Knowledge of Bugs is one person in a labcoat and geeky glasses, seated before a table of home-made gadgetry, who comically bumbles his way through his set and sings quirky songs with an echoey electric guitar in an endearing Durutti Column kind of way. He came down to The Phoenix to do a circuit-bending workshop last weekend, which Simon Drone attended and enjoyed thoroughly. That last Drone session at Henry's house even involved some sounds generated by the device that Simon put together at that workshop.

E.A.R. - image from http://www.kickbrightzine.com/shows/ear.html
E.A.R. in Florida - image from http://www.kickbrightzine.com/shows/ear.html

Kember played a single piece - a bit less than an hour, I think, although one tends to lose track of time in that kind of psycho-sonic envirnonment. He had his back to the audience throughout, as he manipulated his vast array of (mostly) analogue electronic gear (including an old Texas Instruments "Speak and Spell" toy and a huge patch board covered in multicoloured electromagnetic spaghetti). I'm not sure if this is shyness, arrogance, indifference, or what, but basically it meant that we watched his back for the whole performance. It wasn't even clear when he'd started. There were still records playing, and he was just kind of there, fiddling with his gear. Then it got noticeably louder fairly quickly, and everyone flocked in to stand and face his back. For some reason he sets his equipment up on fairly low tables so he's stooping the whole time, which left me feeling uncomfortable, thinking about possible back problems this might cause - watch your posture, Pete!

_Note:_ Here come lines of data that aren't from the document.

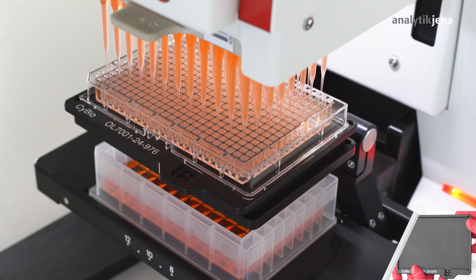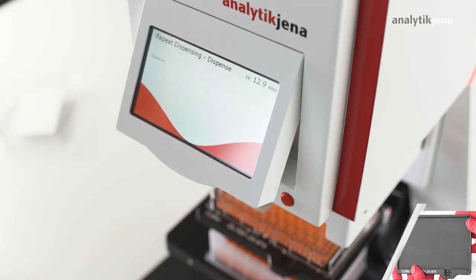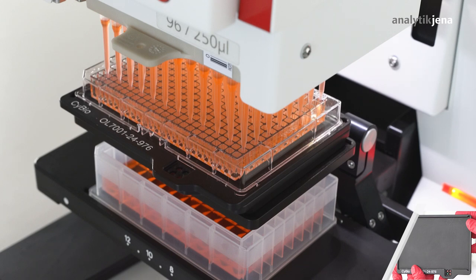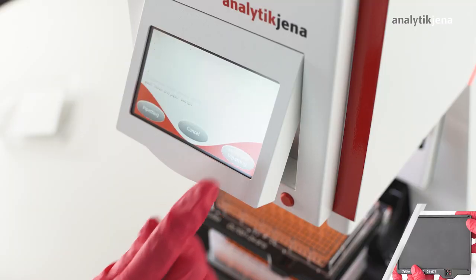The following first dispense step in the first quadrant is then confirmed through the move and pipetting button. With the help of the sliding mechanism, the 384 microplate adapter is then moved to the next quadrant, and the next dispense step is executed through the move and pipetting button.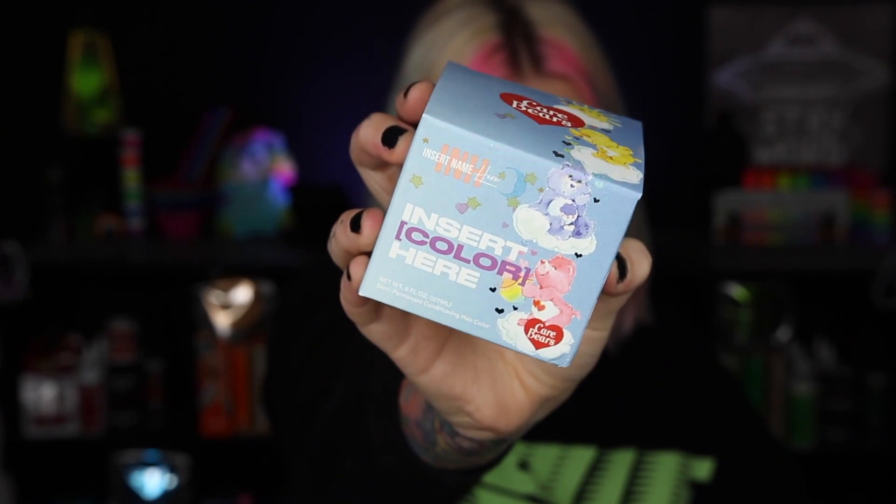They have five colors and I'm going to be using all five. I'm even going to mix a couple together to make an orange because they don't have one — they just have a pink, a yellow, a blue, a bluish-green, and a purple shade. So I'm going to be mixing these so I have all the rainbow shades that I need.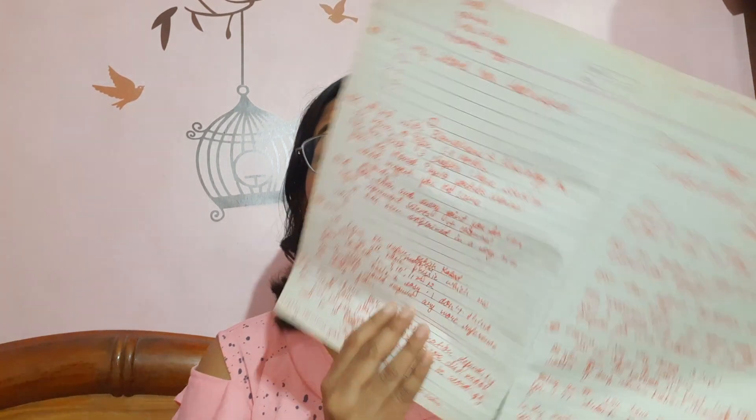In my second year I had a total of six subjects: exercise therapy, electrotherapy, kinesiology, BMP (biomedical physics), pharmacology, pathology, and microbiology. Do not mind if in the video I look down at times, as I have made pointers for you guys so I can talk in detail to help you study and score well in your second year.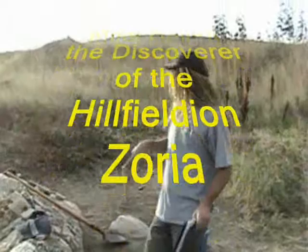All right, we're going. Pilfildian Zoria — skull, neck, body behind.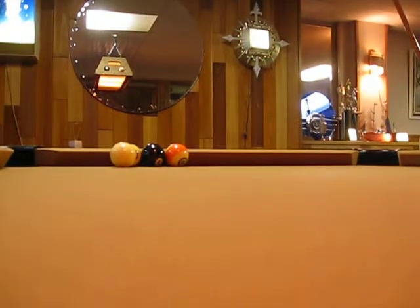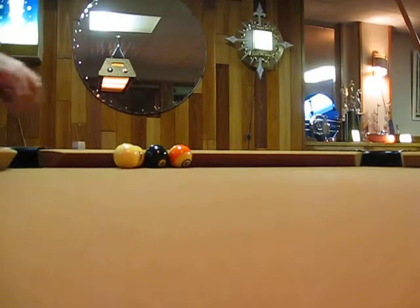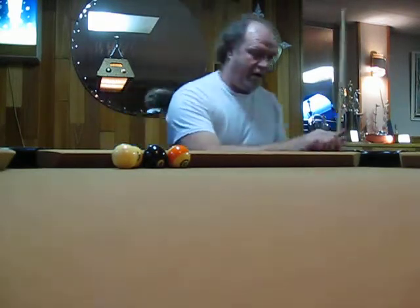I'm going to set you guys right here where you have a good view. I'm going to come around here, grab the little cue stick, chalk her up good. You don't want to miscue during your trick shots — making you look crazy.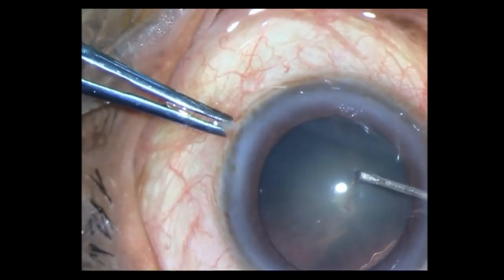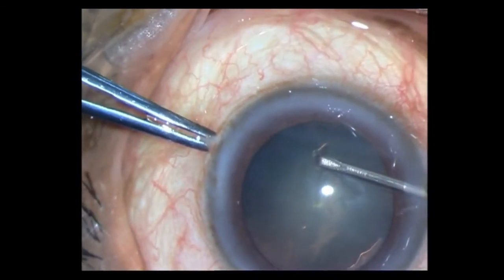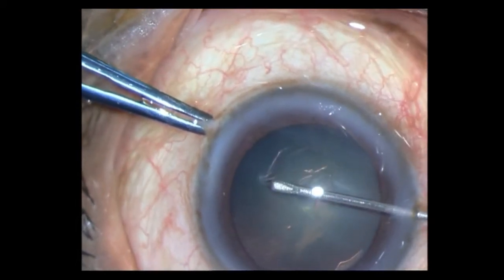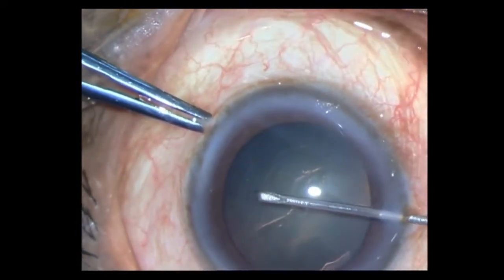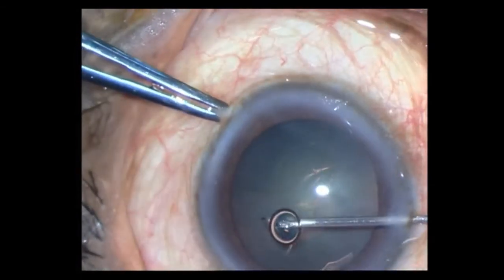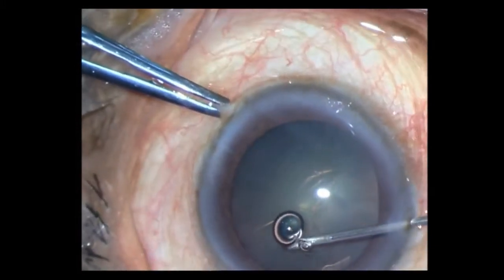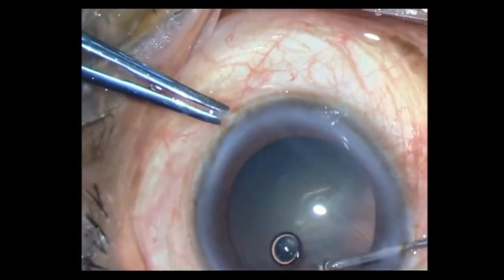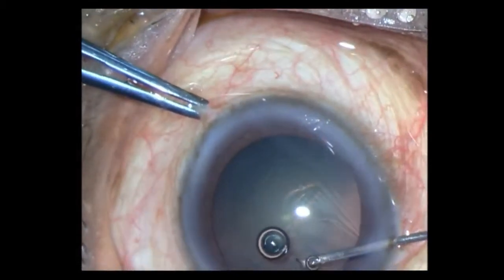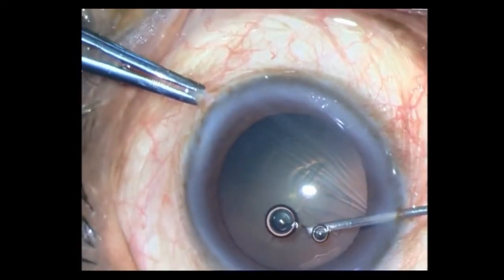Initiating the rhexis and then lifting up a flap, slowly guiding it around to make a 5.5mm rhexis. Since this cataract was very soft, it's not a very good idea to chop it because you're not going to get a very good hold on it, and hence I have decided to do a divide and conquer, mainly for demonstration.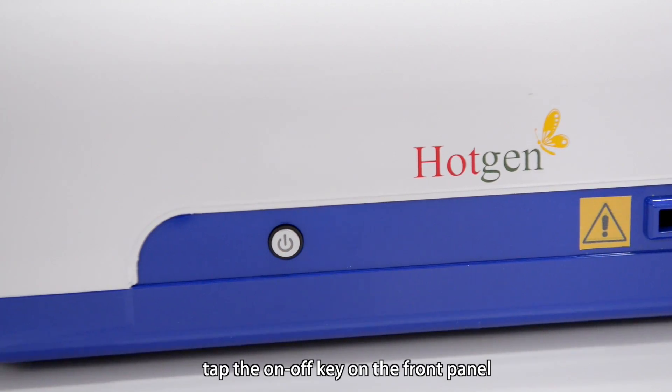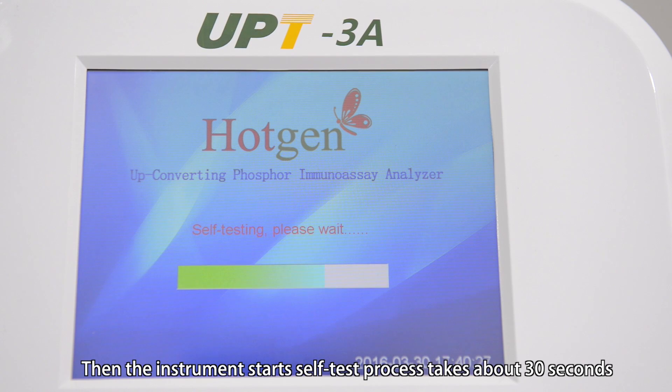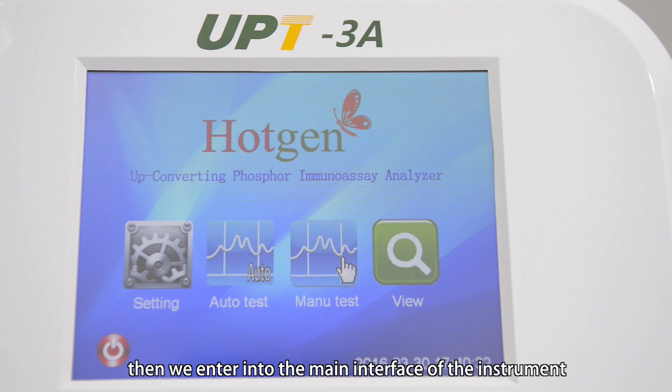tap the on-off key on the front panel. Then the instrument starts self-test process, which takes about 30 seconds. Then we enter into the main interface of the instrument.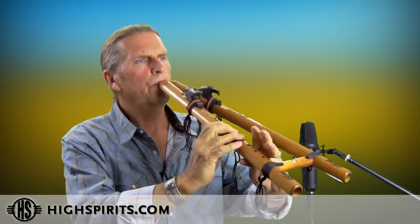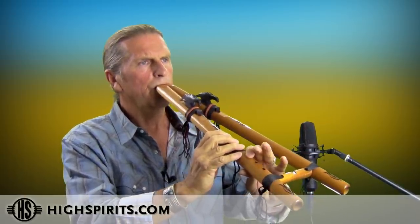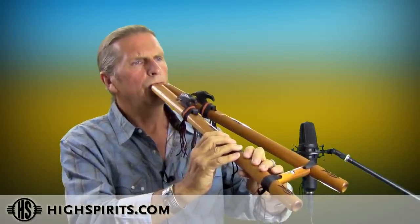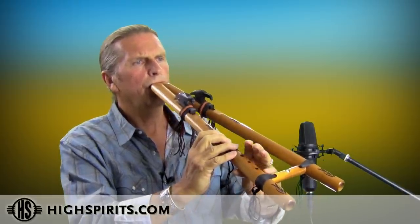Here's playing it as a single. Double. Here's switching the drone octave up back and forth from the low or the high.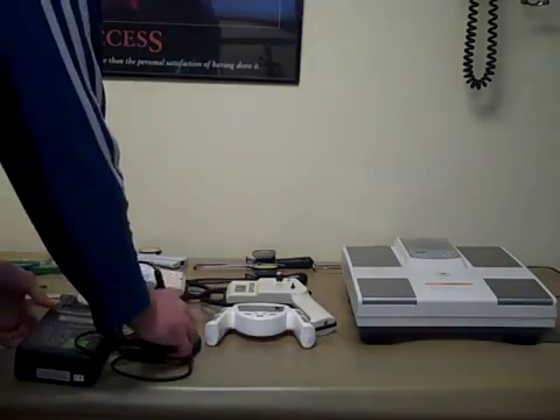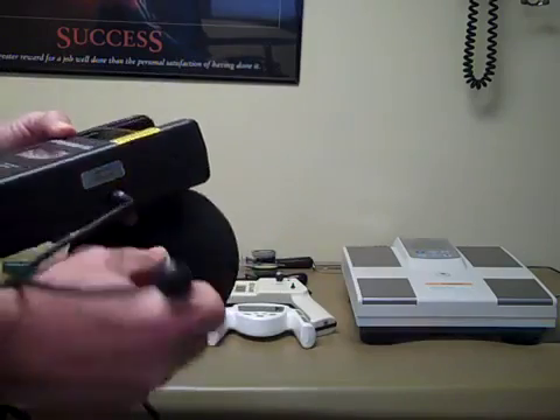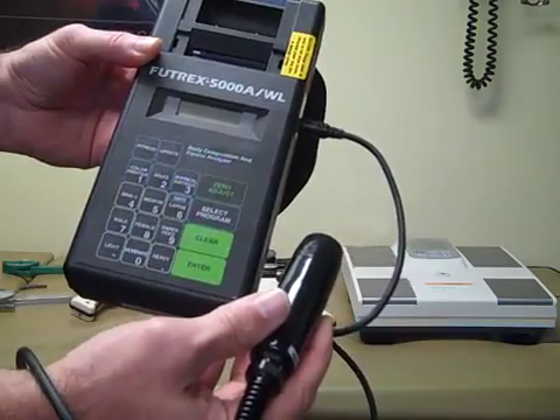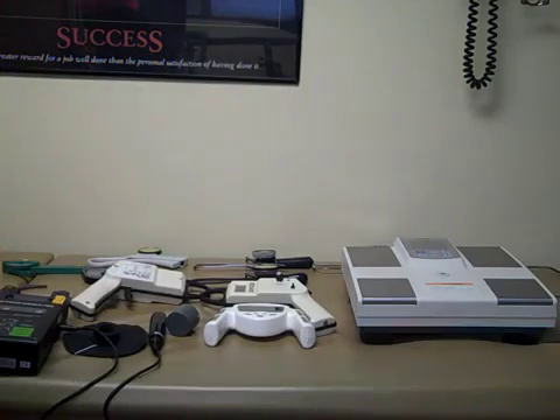Another area is electrical impedance. We also have this ultrasound method where this little wand actually goes into the bicep and measures the thickness, and it prints a reading out. These are fairly expensive machines, but again, can give you a good idea of where the body composition is.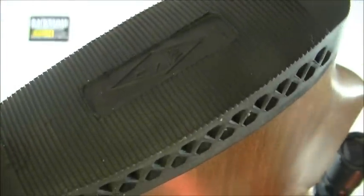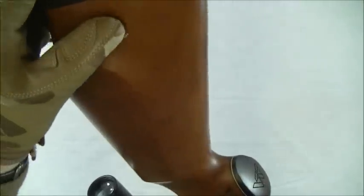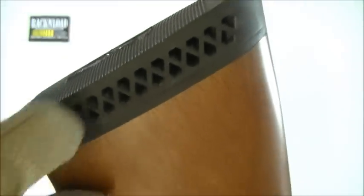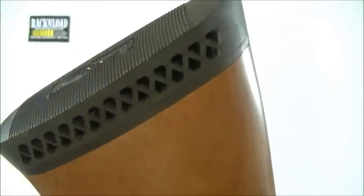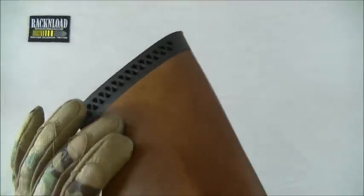Recoil pad — just your usual sort of rubber recoil pad. These ventilated recoil pads are quite useful for storing your pellets. If you just push them in there, it's always handy if you're out on a hunt. You can fit at least 20 or 30 pellets in either side of that recoil pad, rather than rummaging around for them in your pocket.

I was well into his band Spacemen 3 back in the late 80's when I was a student - saw them a few times including a killer set at the '89 Reading Festival. I even jointly interviewed him on UKC student radio when they came to play there. I'd rather lost track of his work during the last 15 years, but it seems he's lost interest in guitars, having discovered that he can get the sounds he wants without conventional instruments. The result is something like Spacemen 3 without any vocals, melodies or rhythms. Or like Hawkwind without any vocals, melodies or rhythms. Or like...But I did get thoroughly into what he was doing (with hastily constructed toilet paper earplugs to defend myself from the more intense high frequencies).

He left as unceremoniously as he arrived - brought the sound down to a minimal burble, stopped it, turned around to glance at his audience for about half a second, waved/saluted "good night" and walked straight off stage. There was something uncanny about the way we only got to see his face for a fraction of a second - I sensed a real intensity there which would be entirely in keeping with the nature of the music he'd just made.